Advances in process technology today are enabling a profound increase in the number of applications that can be realized using programmable logic, but along with these technology advances come new design challenges. Densities now in excess of 2 million gates, short design cycles and reduced development costs make programmable devices more and more attractive for a broader range of applications, from networking and telecommunications to high volume consumer products. The underlying technology that makes this possible, ultra deep submicron processing (UDSP), however, presents a new and difficult problem for designers. The physical interconnections between logic elements now dominate IC delay, and high productivity design methods such as conventional logic synthesis fails to adequately account for these effects. In order to restore productivity to the design cycle, the synthesis process must now comprehend physical effects. *Physical synthesis*, including physical optimization during synthesis, is an essential enabling technology for such advancement. Synplicity believes that it is the first company to address this need with the industry's only physical synthesis and optimization technology devised specifically for programmable logic. Advanced techniques employed by the Synplicity tools are designed to restore productivity to the design cycle and enable PLD designers to take full performance advantage of today's silicon technology.

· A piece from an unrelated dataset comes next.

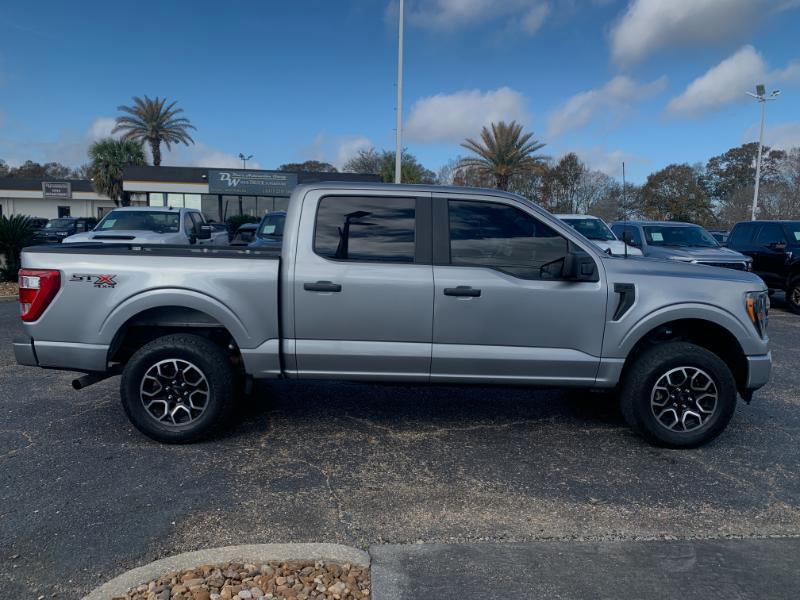 Ford F-150 STX SuperCrew 4WD 2023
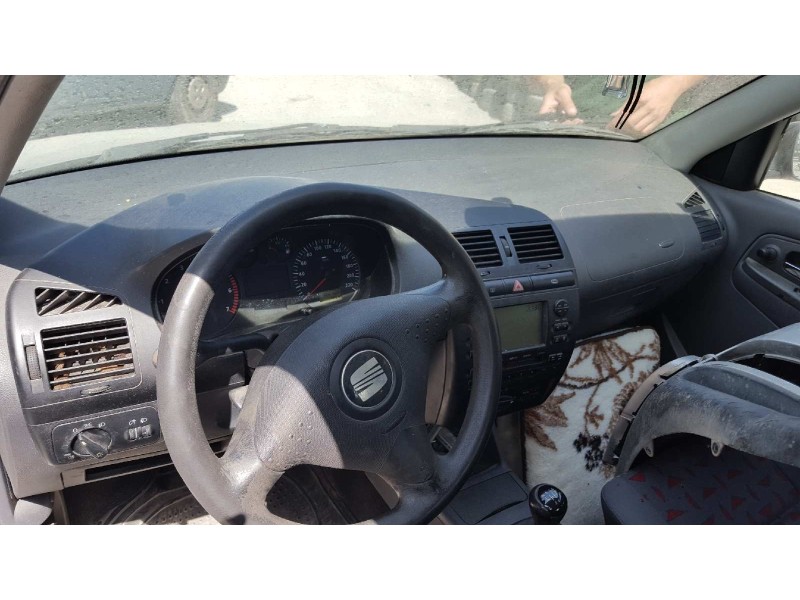 seat cordoba berlina (6k2) del año 2001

## Programmable Device Usage on the Rise

Today, programmable logic devices are addressing a rapidly expanding number of applications. Shorter design cycles, lower development cost, and increasing parity of gate count, cost and performance are making FPGAs and PLDs attractive alternatives to ASIC implementation. In particular, networking and telecommunications applications are increasingly materializing in programmable devices. The fast turnaround and low entry cost of PLDs suit them ideally for such markets, characterized by fluctuating standards and narrow market windows. Now that available PLD gate counts accommodate the functionality required of these applications, programmable devices may indeed surpass ASIC as the preferred implementation method for these market segments.

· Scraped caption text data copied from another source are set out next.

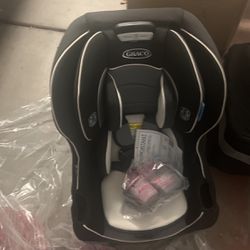 Graco 3-in-1 Extend2Fit Car seat 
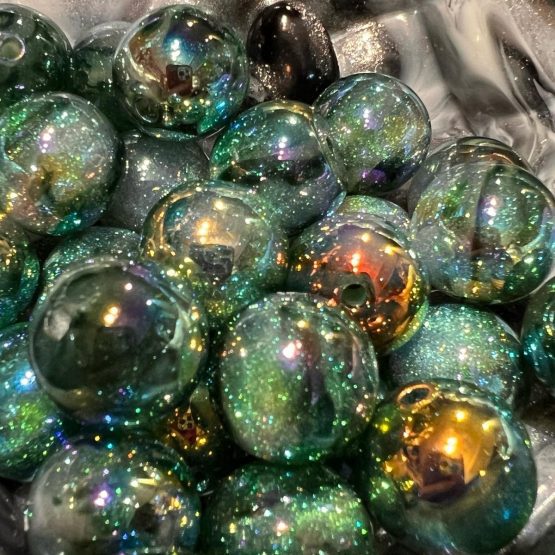 (BP215) 5 x 16mm Emerald Glitter galaxy beads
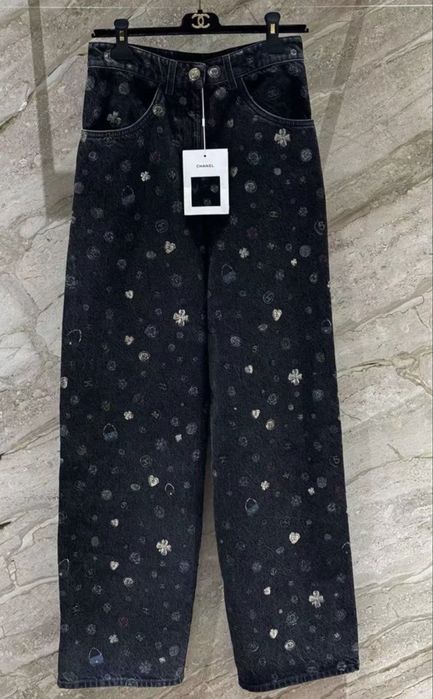 Дънки на  марката Chanel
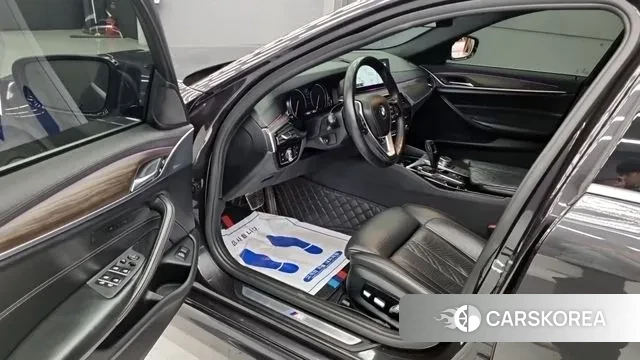 BMW 5 Series (G30) 2018 Серый из Кореи, фото 3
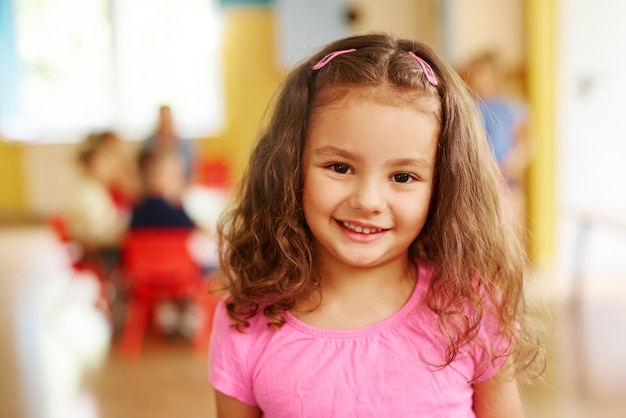 Free photo portrait of smiling preschool girl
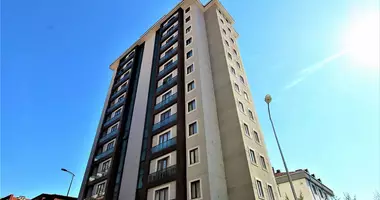 3 room apartment with balcony, with parking, with with repair in Uemraniye, Turkey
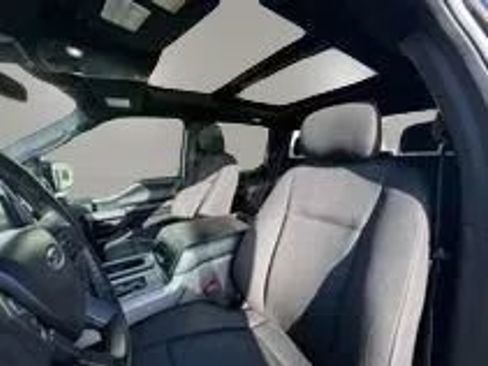 Used 2019 Ford F150 XLT w/ Equipment Group 302A Luxury AWD/4WD image 11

At the same time, programmable devices are becoming increasingly attractive in other applications segments. Process advancements also translate into higher density PLDs, and PLDs are now a viable option even for cost sensitive, high volume production applications. More and more designers are also employing FPGA-based prototyping for low-cost, low-risk, early market entry for highly complex silicon systems.

Т





Figure I: FPGA Speed and Gate Capacity Trend

## Today's PLD design challenges

Thus, multi-million gate capacity and clock speeds approaching 200 MHz for PLD-based designs are coming into the mainstream, and the Electronic Design Automation (EDA) technology that support these applications is rapidly changing by necessity. PLD devices are now being fabricated in advanced, ultra deep submicron (UDSM) process technology, and along with the multi-million-gate IC capacity enabled by this technology comes a new and difficult design problem: interconnect-dominant delay. As witnessed when high gate count deep submicron ASIC designs first emerged, the predominance of interconnect between logic elements has a major impact on PLD device performance. Indeed, interconnect can account for as much as 70-90% of overall circuit delay as critical dimensions descend below 0.25µm.

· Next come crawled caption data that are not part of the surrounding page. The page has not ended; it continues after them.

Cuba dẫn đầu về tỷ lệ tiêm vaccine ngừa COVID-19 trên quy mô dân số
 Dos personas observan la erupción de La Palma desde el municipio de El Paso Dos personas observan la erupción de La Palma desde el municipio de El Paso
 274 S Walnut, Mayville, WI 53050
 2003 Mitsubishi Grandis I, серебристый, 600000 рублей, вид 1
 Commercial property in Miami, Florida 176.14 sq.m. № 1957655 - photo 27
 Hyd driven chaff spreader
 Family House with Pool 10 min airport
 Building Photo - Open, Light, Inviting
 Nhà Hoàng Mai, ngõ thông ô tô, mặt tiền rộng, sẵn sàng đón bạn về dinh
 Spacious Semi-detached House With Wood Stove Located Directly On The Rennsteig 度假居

Figure 2: Interconnect vs. Logic Delay in Large ICs



Unfortunately, traditional design methodologies are ill-suited for the task of accurately accounting for interconnect effects, and design teams pay a performance penalty for this inadequacy. Synthesis-based design is imperative for high productivity design cycles these days, but performance optimization in a conventional synthesis environment is performed in the absence of physical interconnect information. Only after subsequent, time-consuming placement and routing steps is such critical information available. Because UDSM interconnect effects are significant, designers must iterate the synthesis and optimization processes with back-annotated, post-route physical information. Newly synthesized results are placed and routed, and more iterations may be necessary. The amount of time required to converge on an acceptable timing solution on UDSM circuits is neither cost nor time efficient. The extra time and uncertainty inherent in iterations between front and back-end design stages jeopardizes a fundamental premise of PLD-based implementation time to market. The only alternative to such iterations is to overestimate physical effects and produce an overly-conservative design that is more costly and fails to take full advantage of the FPGA.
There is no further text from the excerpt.